Question

question 27
1 pts
given the equation for density is d = m/v, what happens to the density of the air when the gas in a balloon is heated and the volume of the balloon increases?
the density goes up and the balloon rises
the density goes down and the balloon sinks
the density goes down and the balloon rises
the density goes up and the balloon sinks
question 28
1 pts
solve the following equation for the change in temperature, δt. q = mcδt
δt = qc/m
δt = m/qc
δt = q/mc
δt = mq/c

Explanation:

Step1: Analyze density - volume relationship

Given density formula $d=\frac{m}{V}$. When the gas in the balloon is heated and volume $V$ increases while mass $m$ remains constant (assuming no gas escapes).

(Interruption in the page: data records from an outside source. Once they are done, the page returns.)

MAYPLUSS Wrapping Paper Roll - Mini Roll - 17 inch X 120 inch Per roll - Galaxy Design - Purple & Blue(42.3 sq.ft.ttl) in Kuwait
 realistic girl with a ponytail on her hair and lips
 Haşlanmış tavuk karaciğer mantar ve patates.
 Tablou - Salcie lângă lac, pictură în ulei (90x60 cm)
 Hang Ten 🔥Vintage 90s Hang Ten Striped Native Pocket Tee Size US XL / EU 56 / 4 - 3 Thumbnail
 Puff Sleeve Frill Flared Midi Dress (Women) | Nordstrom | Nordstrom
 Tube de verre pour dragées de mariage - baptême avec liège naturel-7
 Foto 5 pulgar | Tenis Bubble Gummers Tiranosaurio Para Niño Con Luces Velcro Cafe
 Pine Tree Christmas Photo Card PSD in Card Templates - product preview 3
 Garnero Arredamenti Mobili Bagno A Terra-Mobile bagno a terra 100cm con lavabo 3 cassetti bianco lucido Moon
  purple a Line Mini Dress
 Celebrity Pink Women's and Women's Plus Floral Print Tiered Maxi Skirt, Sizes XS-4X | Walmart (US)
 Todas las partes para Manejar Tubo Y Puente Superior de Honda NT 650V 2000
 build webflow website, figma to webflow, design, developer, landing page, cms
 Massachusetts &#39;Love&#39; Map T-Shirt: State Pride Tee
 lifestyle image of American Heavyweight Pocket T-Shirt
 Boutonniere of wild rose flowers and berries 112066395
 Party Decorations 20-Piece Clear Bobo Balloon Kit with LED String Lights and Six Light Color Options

Step2: Determine density change

As $V$ increases and $m$ is constant, the value of $\frac{m}{V}$ (density $d$) decreases. A less - dense object in a denser medium (surrounding air) will rise. So the balloon rises.

Step3: Solve for $\Delta T$ in $q = mc\Delta T$

Divide both sides of the equation $q = mc\Delta T$ by $mc$ to isolate $\Delta T$. We get $\Delta T=\frac{q}{mc}$.

Answer:

Question 27: the density goes down and the balloon rises
Question 28: $\Delta T=\frac{q}{mc}$